Well, for me it starts with a picture frame. I’ve always wanted to hang pictures in my home but never got around to it due to all the bullshit that happens that seems to take up the better part of my day. Until one day I woke up and decided I was gonna hang that damn picture if it killed me. So I went out with the intention of buying some 3M hooks (which are brilliant by the way, especially for girls). I got to the hardware store and the heavy duty 3M hooks were outta stock. At that point, I had two choices; give up and go home or look into alternatives (i.e. buy a drill). There was storeclerk 1 & 2 who were both idiots and didn’t know the difference between cement and concrete, so I decided they were probably going to kill me either with their stupidity or the saleage of the wrong electrical tool….so I edged away slowly. Walked into the drill area and there he was: specky, skinny and a walking drill dictionary. He introduced me to drill bits, the difference between a drill for “stuff” and a drill for walls (yeah, its so cool I tell you) and I walked out with a 35% discount. Fast forward 24 hours later, I’m standing in front of my measured wall thinking “fuck I’m so gonna get electrocuted and die alone and that is so unglamorous it’s not even funny” (there’s a light right above where I was drilling and no, there was no other place I wanted to hang the picture). So I paced for like an hour,maybe three….got dressed in rubber gloves and my running shoes (hey,I wanted to be safe allright?) and poised the gun, I mean drill.. at the wall. At the end of 10 minutes, my picture was hung, and nobody died.

So I guess the answer to my friend’s question is simple. Do something you’re absolutely terrified of. By yourself. No man, no friend. nothing. After that, you’ll be able to take on anything. And along the way, you learn stuff, you forget about your fear, your problem, the “too much ness” of it all, you forget the judgemental people who think you can’t do it, because you’re too busy trying to solve it.

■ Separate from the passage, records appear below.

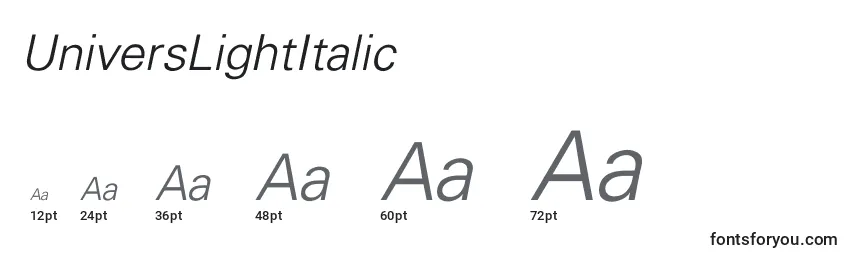 Размеры шрифта UniversLightItalic
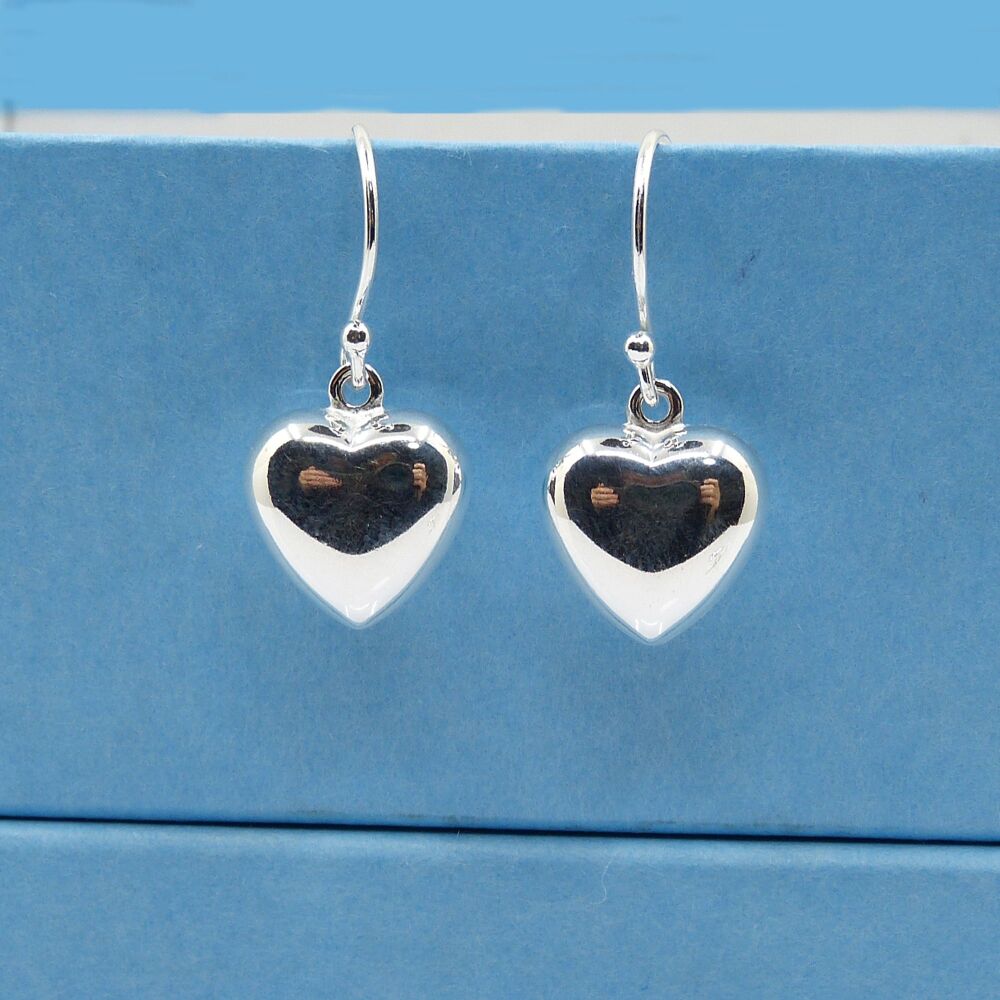 Tiny Sterling Silver Heart Drop Earrings, Gift for Friend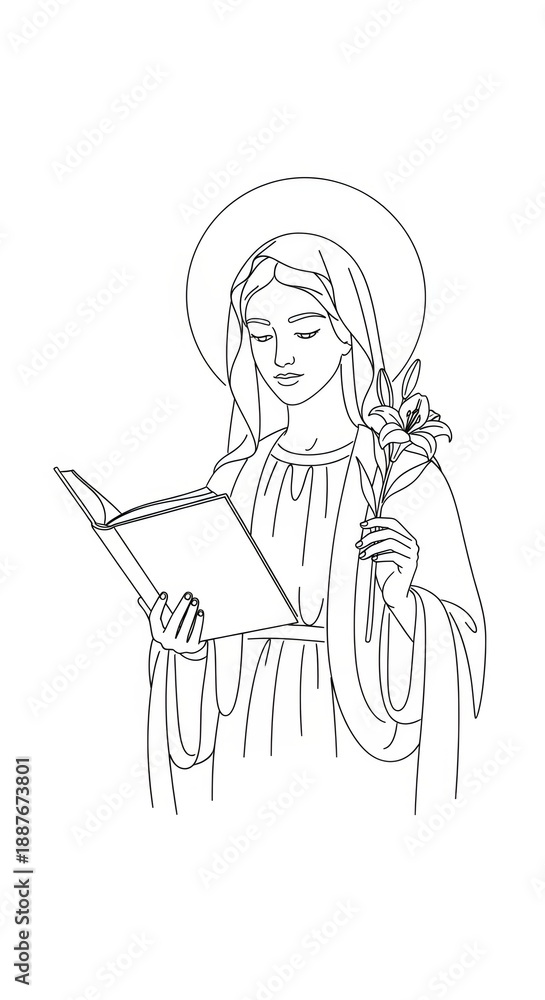 Fototapeta premium Woman mary saint reading bible or scripture book and holding lily flower with halo outline. Religious christian art or colouring page for Palm Sunday.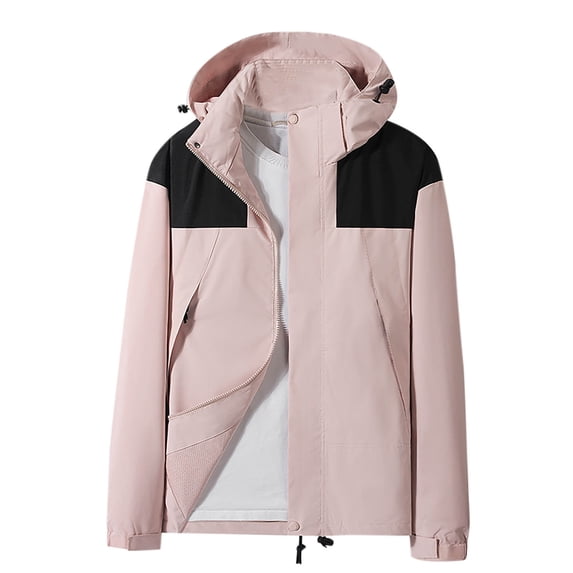 SELONE Waterproof Jacket Boys with Pockets Hooded Waterproof Windproof Zipper Solid Long Sleeve Fall Winter Coats Pink 9 Years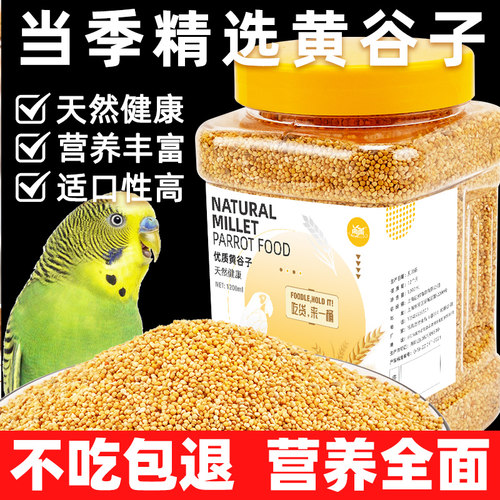 新黄谷子带壳小米虎皮鹦鹉鸟粮饲料食物牡丹玄凤的鸟食专用粮零食-图1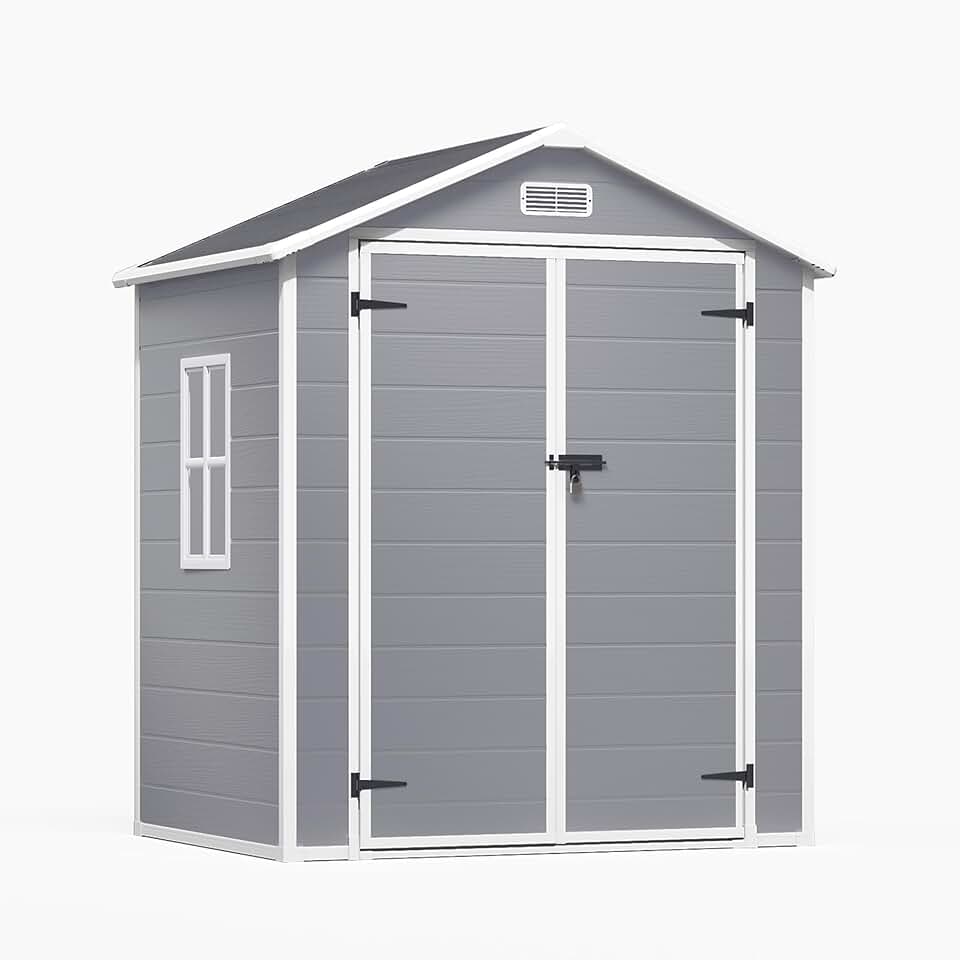 jardinito - Abri de Jardin en Résine - 173x125x210 cm - Ventilation, base renforcée, fenêtres, verrou - Gris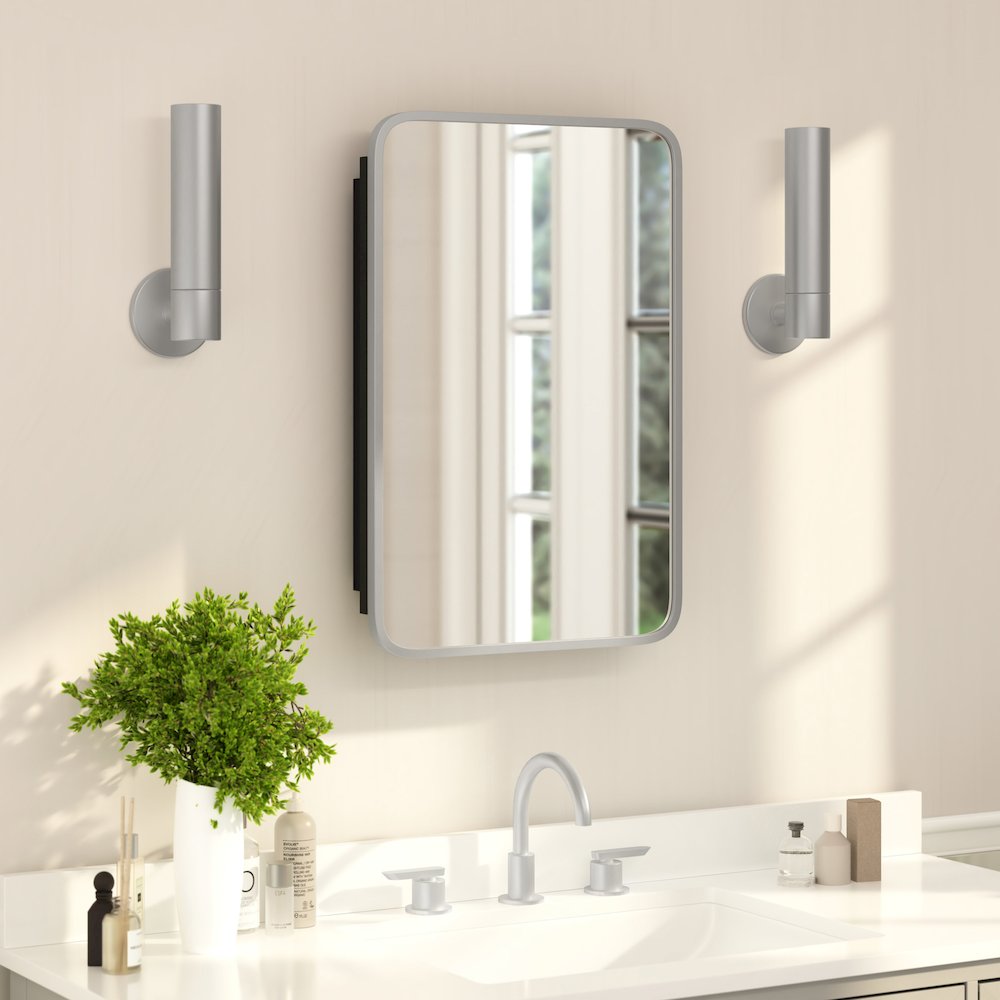 16" x 24"Bathroom Medicine Cabinet with Rounded Beveled Mirror, Silver. Picture 3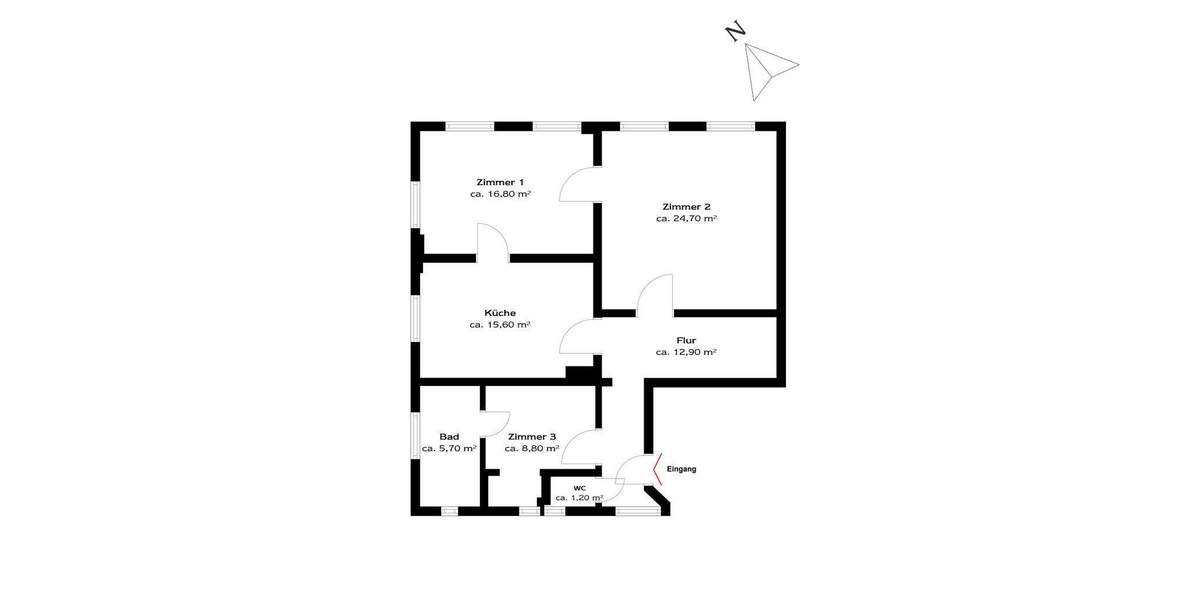 Etagenwohnung Buseck Großen-Buseck - 2 Zimmer, 86 m&sup2;, 770&euro; | Angebot:24910965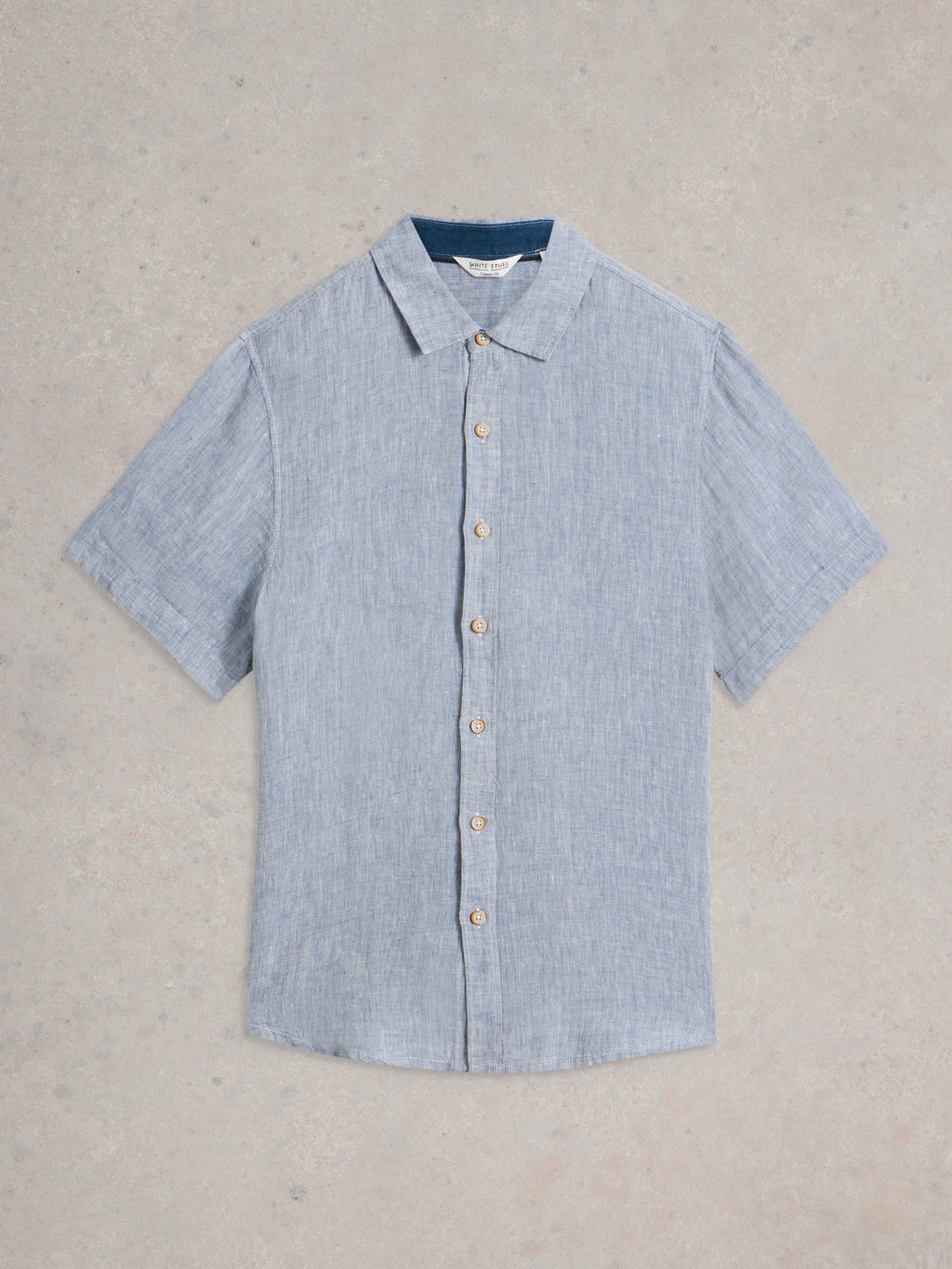 White Stuff Hemd aus Leinen kurzarm blau/hellblau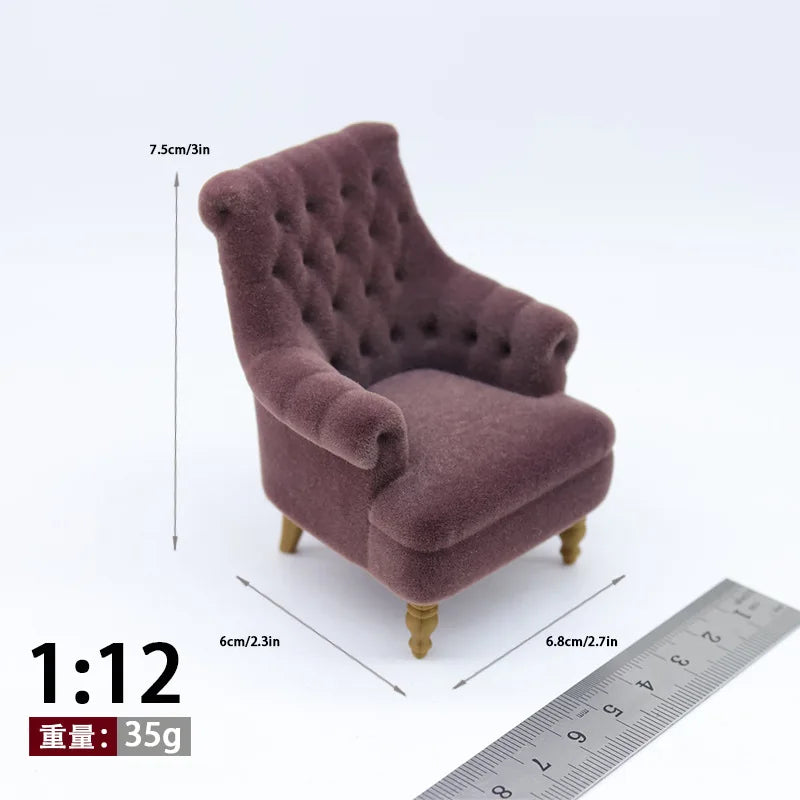 fauteuil miniature blanc velours épais boutons classique 14+ deco maison poupée imitation salon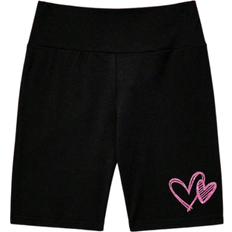 Shein Young Girls' Casual Simple Heart Printed Leggings For And Summer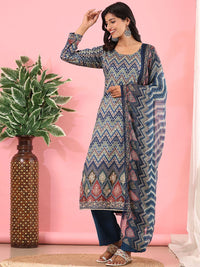 Mamicha Women Printed Regular Pure Cotton Kurta with Palazzos & With Dupatta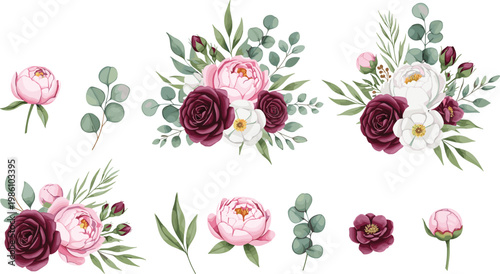 Beautiful floral collection with burgundy roses pink peonies and eucalyptus leaves in watercolor vector style isolated on white background for elegant wedding invitation design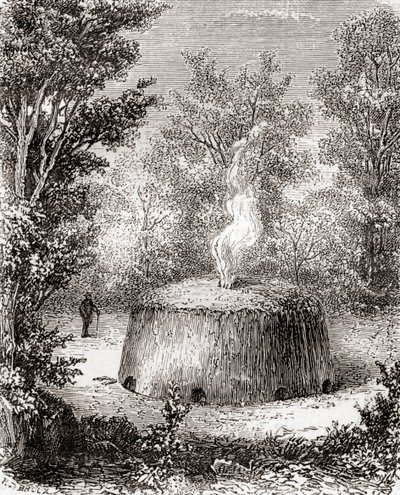 A charcoal kiln in the forest, after a 19th century drawing, from Les Merveilles de la Science, published c.1870 by French School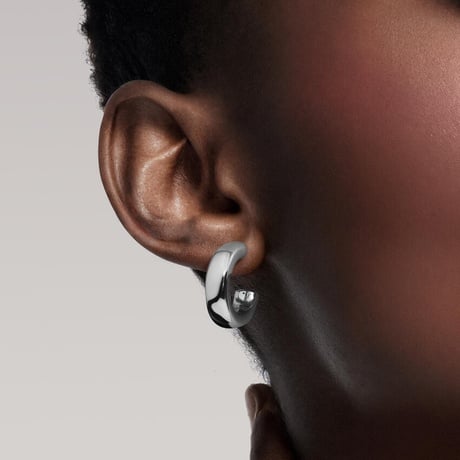 Medium Sculpted Dome Hoop Earrings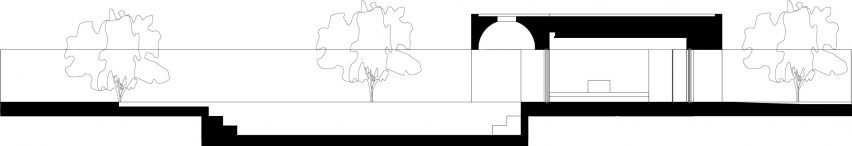 Section of La Casa de los Olivos in Valencia by Balzar Arquitectos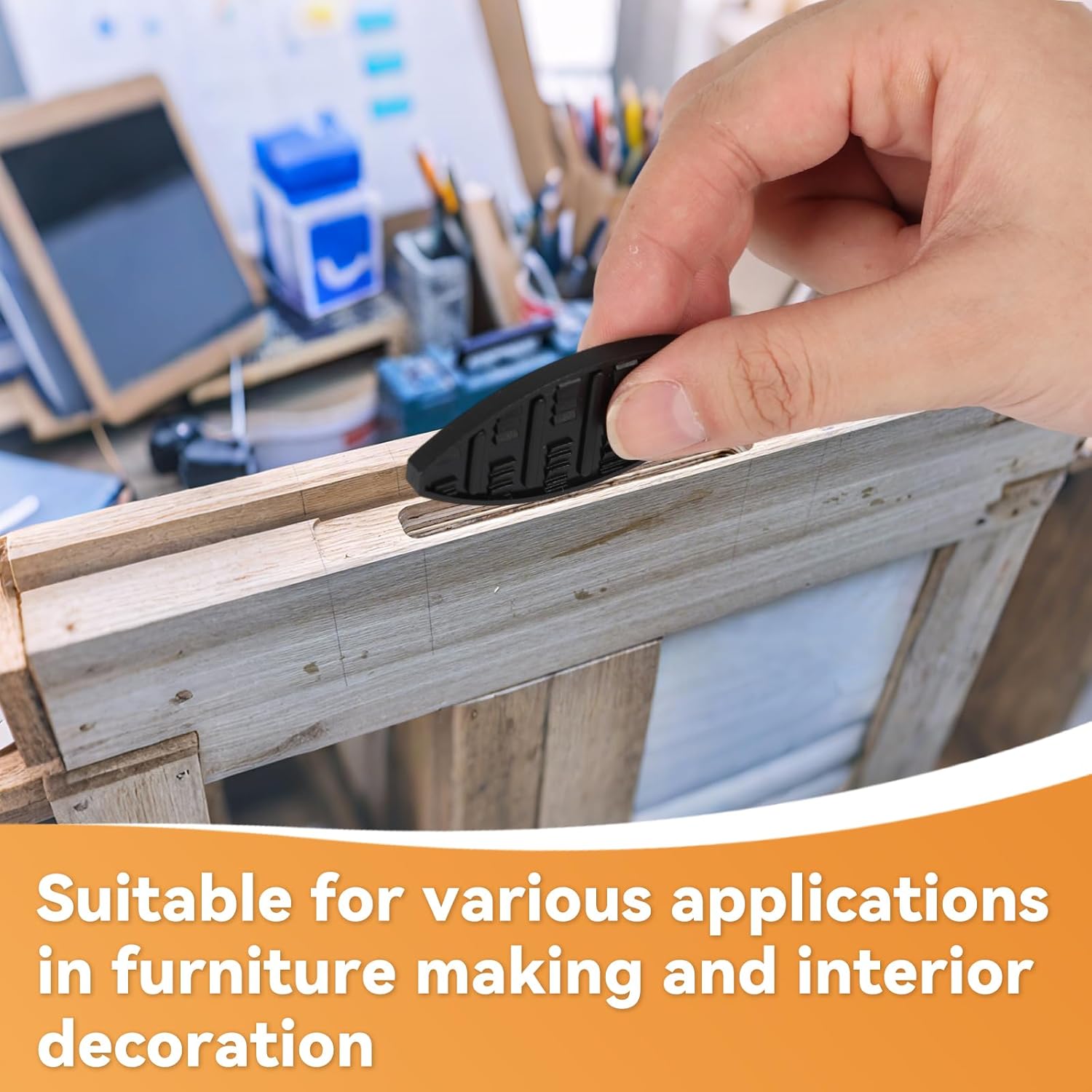 100 Pcs PA Biscuit Joiners with Zippered Storage Bag Sturdy Woodworking Joiner Plates Biscuit Joiner Tool for Composite Decking Door Frame Fixing Crafting Furniture & Frame Assembly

Fuck the Joneses. Keep up to you…I reckon it’s way more satisfying.

Monday, October 01, 2007

God is a comedian playing to an audience thats too afraid to laugh.

but i will laugh damn it. becos the alternative means being cranky. and i dont like being cranky.

in the past 3 weeks i have been going for these things you go to to get a job. there are people there, and they are supposed to ask you INTELIGENT questions about yourself (the word to highlight here is 'supposed'). i happen to know this having actually interviewed quite a few people myself.

some of 'em were brilliant. they command respect without being arrogant, they ask the right questions, although some might be tough....but most of all they did their homework and are prepared to look for the best person possible to contribute to their organisation.

and then there are the others. somehow my brother's major in uni came up. my parents personal life, my age (apparently i'm to young to know what i know) - for that i nearly reached across the damn table and strangled it (the person in question doesn't deserve a gender).

i am sure this situation isn't a unique one, having heard horror stories from friends...so i'm sure you guys feel me lah..just wanted you to know that you do not walk alone..lone....lone..lone..(echo fades out).